EXERCISE PROMPT: Copy, word for word, the lines of the listing below from the line with "9 قطعة/المجموعة مجموعة" up to and including the line with "Bllmen Brown 2". Drop the pictures.

DATA RECORDS:
____________

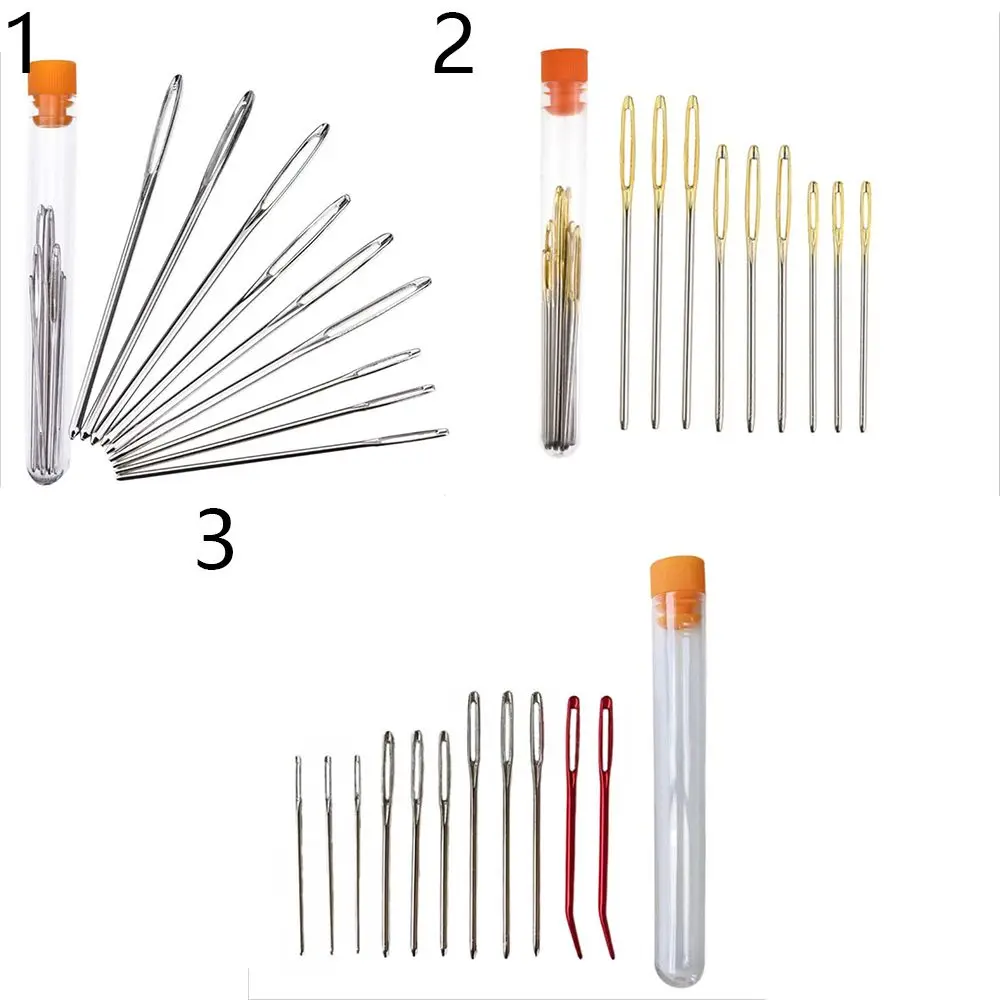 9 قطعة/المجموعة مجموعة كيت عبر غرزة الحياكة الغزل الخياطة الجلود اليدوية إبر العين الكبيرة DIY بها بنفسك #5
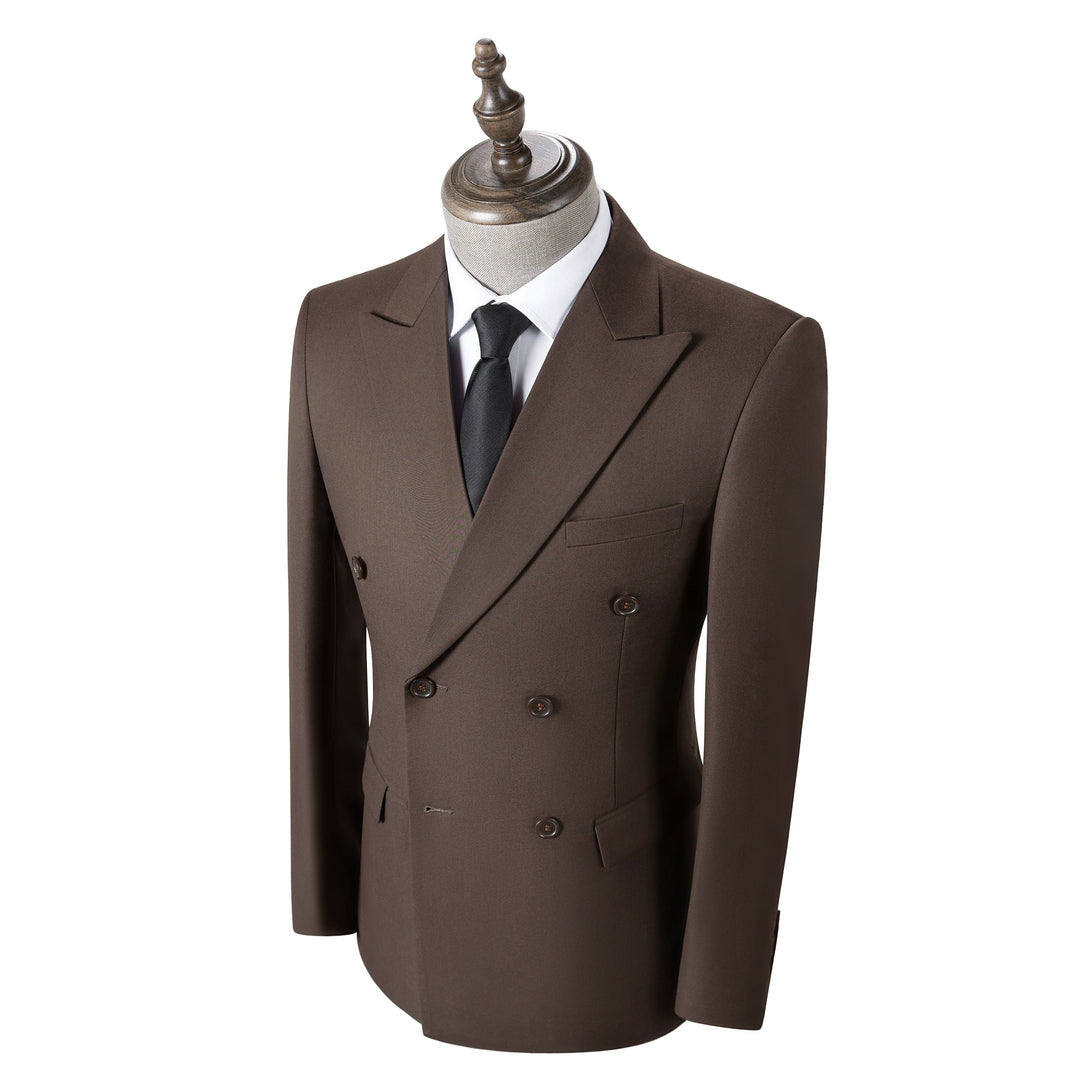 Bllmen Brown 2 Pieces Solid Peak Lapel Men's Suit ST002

____________

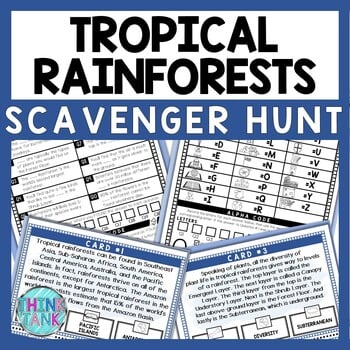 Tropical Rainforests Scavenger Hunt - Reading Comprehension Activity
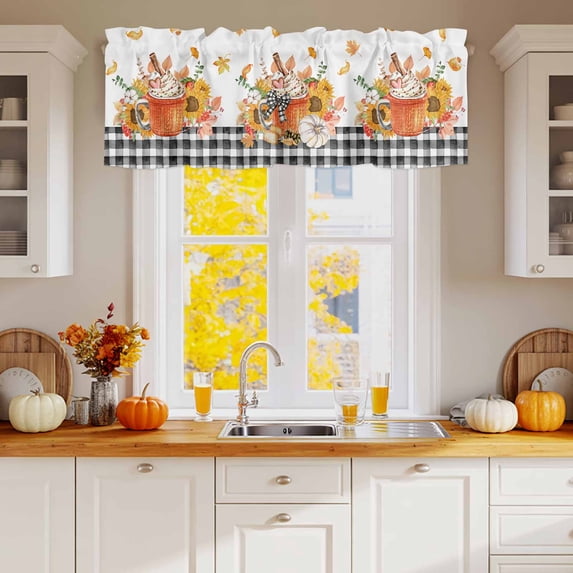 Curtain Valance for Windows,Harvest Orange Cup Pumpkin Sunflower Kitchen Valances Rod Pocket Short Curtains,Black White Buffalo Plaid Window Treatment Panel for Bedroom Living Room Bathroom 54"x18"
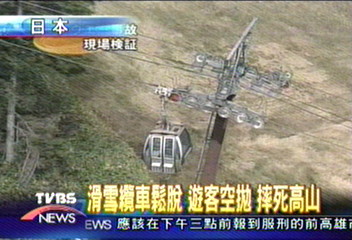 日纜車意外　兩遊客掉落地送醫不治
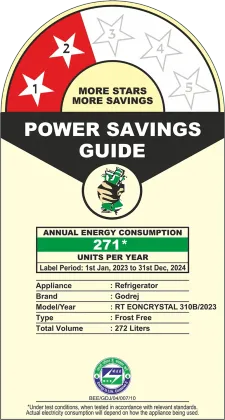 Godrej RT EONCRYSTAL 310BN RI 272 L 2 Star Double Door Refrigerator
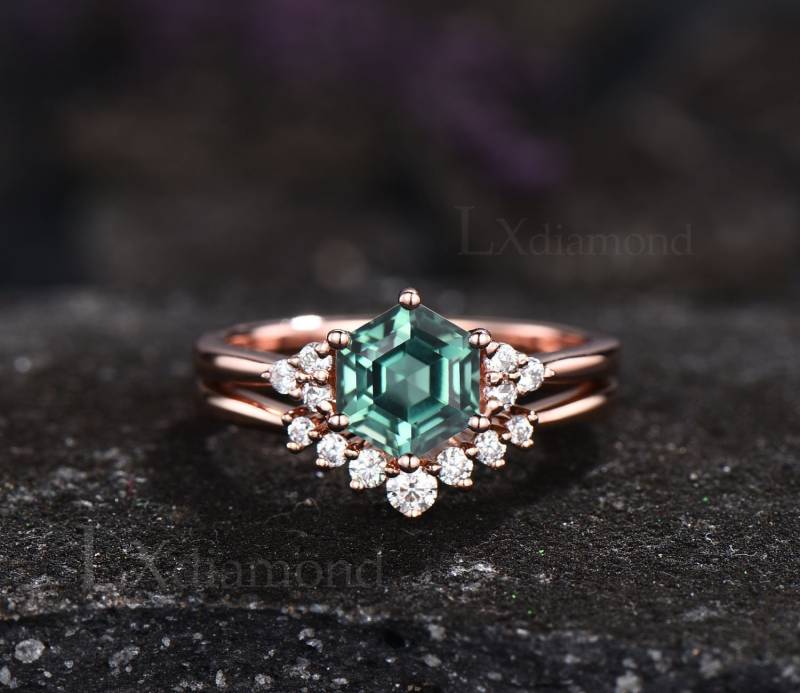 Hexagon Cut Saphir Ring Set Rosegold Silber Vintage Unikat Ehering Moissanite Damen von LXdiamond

____________

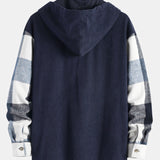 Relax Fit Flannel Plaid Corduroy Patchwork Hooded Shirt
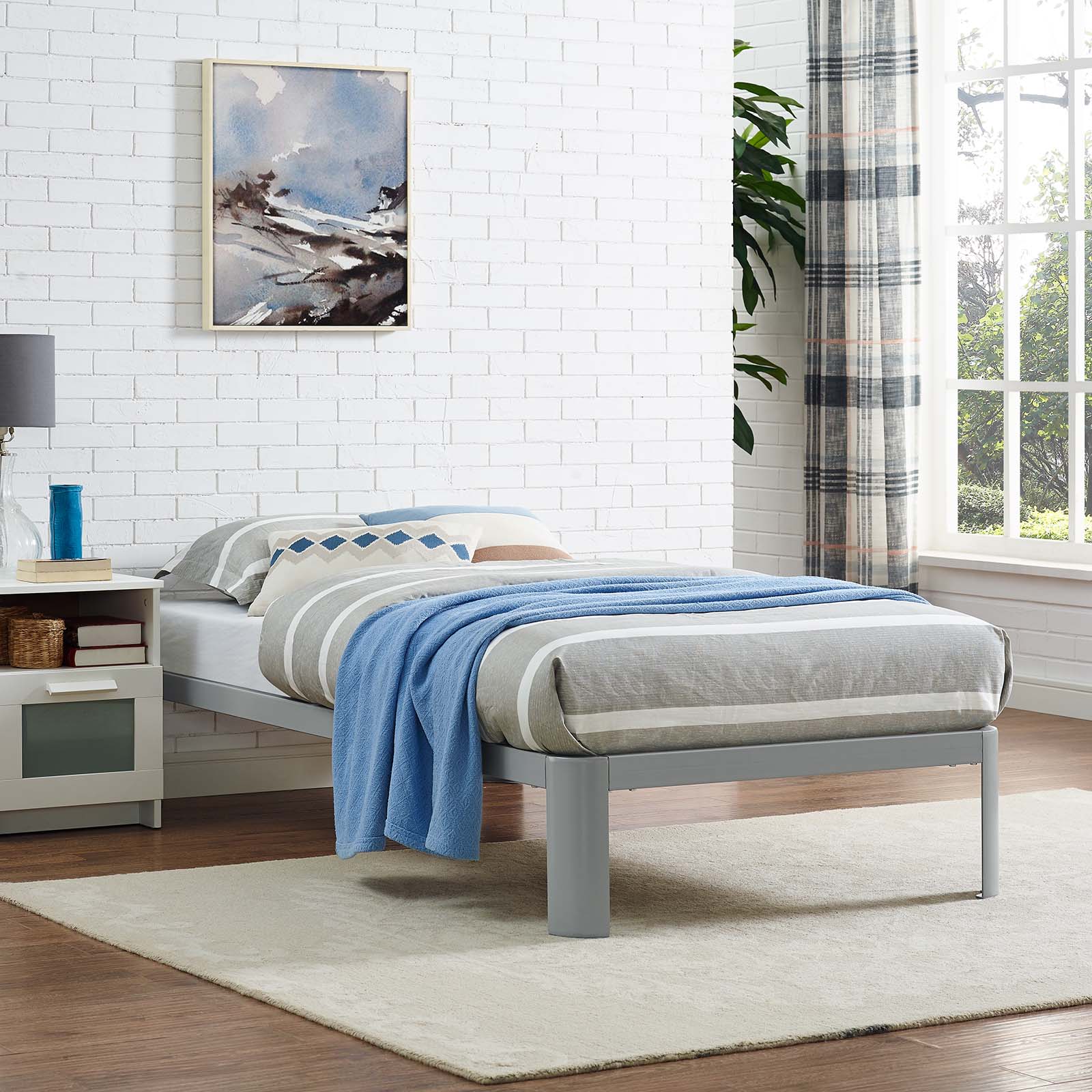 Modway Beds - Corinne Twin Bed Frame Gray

____________

COMPLETED EXERCISE:
 9 قطعة/المجموعة مجموعة كيت عبر غرزة الحياكة الغزل الخياطة الجلود اليدوية إبر العين الكبيرة DIY بها بنفسك #5
 Bllmen Brown 2 Pieces Solid Peak Lapel Men's Suit ST002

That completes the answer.